Reform Worked Until Rejected

A Medicaid reform experiment championed by Sen. Joe Manchin, D-W.Va., while he was governor was a dismal failure, West Virginians were informed this week.

There’s just one problem with that assessment: It isn’t true.

Some of the very same folks who had no use for Manchin’s Mountain Health Choices program while it was in progress are jumping for joy. Now, they have a university study to back them up. And everyone knows university studies are not to be questioned or criticized.

Medicaid provides health insurance for more than 330,000 low-income and disabled Mountain State residents. The program’s cost is enormous and growing by leaps and bounds.

While he was governor, Manchin heard of an idea that seemed as if it could both improve the health of Medicaid clients and reduce the program’s cost. It was implemented in West Virginia under the title Mountain Health Choices.

MHC was a simple concept: Medicaid clients were told they could enroll in it and receive better benefits than they had in the past. In exchange, they were required to sign personal responsibility pledges. In essence, the agreements bound MHC clients only to keep health care appointments, avoid using emergency rooms except for genuine emergencies, follow physicians’ orders and find family doctors. In other words, they weren’t required to do anything more than what most West Virginians already did.

Medicaid clients who didn’t sign up for MHC were limited to a basic menu of health care services. They didn’t lose any coverage, but they didn’t receive the enhanced MHC package, either.

From the word “go,” lots of people hated MHC. Why?
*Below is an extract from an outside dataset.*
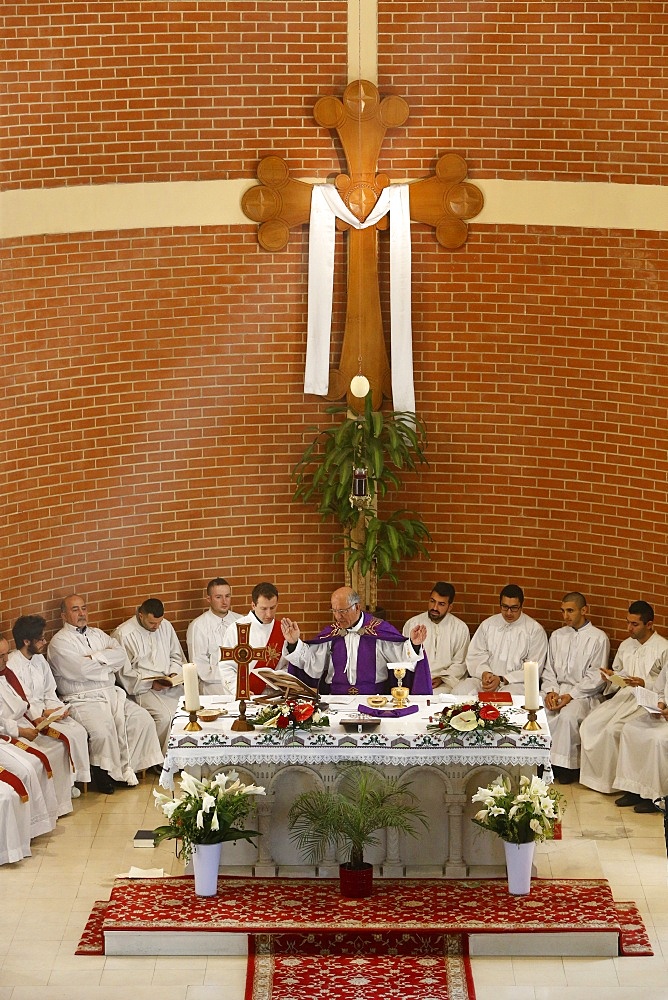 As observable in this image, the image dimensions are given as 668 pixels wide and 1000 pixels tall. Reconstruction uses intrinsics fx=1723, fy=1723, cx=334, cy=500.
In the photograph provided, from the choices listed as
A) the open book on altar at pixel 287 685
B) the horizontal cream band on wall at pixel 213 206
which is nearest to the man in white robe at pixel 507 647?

Because, in effect, it discriminated between people willing to take responsibility for their own health and those who would not.

And, to be fair, there were severe failings in letting people know about the program and signing them up. As a result, only about 14 percent of Medicaid enrollees chose MHC during its brief lifespan from 2007-10.

MHC was scrapped in 2010 after a new federal rule in effect made it impossible to continue.

This week, MHC’s critics got what they viewed as a Christmas present, in the form of a report on the program from George Mason University’s Mercatus Center. The center is described as “dedicated to bridging the gap between academic research and public policy problems.”

MHC was supposed to reduce the number of emergency room visits for non-emergencies by Medicaid clients. But, according to the university study, the number of such visits by West Virginia Medicaid enrollees increased during the MHC period.

An early critic of MHC, House of Delegates Health and Human Resources Chairman Don Perdue, D-Wayne, insisted that proved “this program wound up costing us money, not saving us money.”

So MHC was a flop that should never have been tried, right?

Wrong. The university study indeed showed emergency room visits for non-emergencies by the entire Medicaid population increased from 2007-10. But read the fine print: Misuse of emergency rooms decreased by 5 percent among MHC enrollees.

In other words, MHC worked as advertised. Had the state been given more time to make Medicaid clients aware of the program and sign them up, misuse of emergency rooms might have decreased even more. Federal officials who write most of the rules for Medicaid, wouldn’t allow that.

Now, Washington is insisting that West Virginia dramatically expand the number of people on its Medicaid rolls. And federal control is going to be even tighter. There will be no more experiments with personal responsibility – just more government pressure to make people more reliant on government and less on ourselves.

So the university study, which really proves MHC worked, is being distorted in an attempt to claim just the opposite – and, not incidentally, to give reformers like Manchin a bad name. No wonder the nation is $16.4 trillion in debt.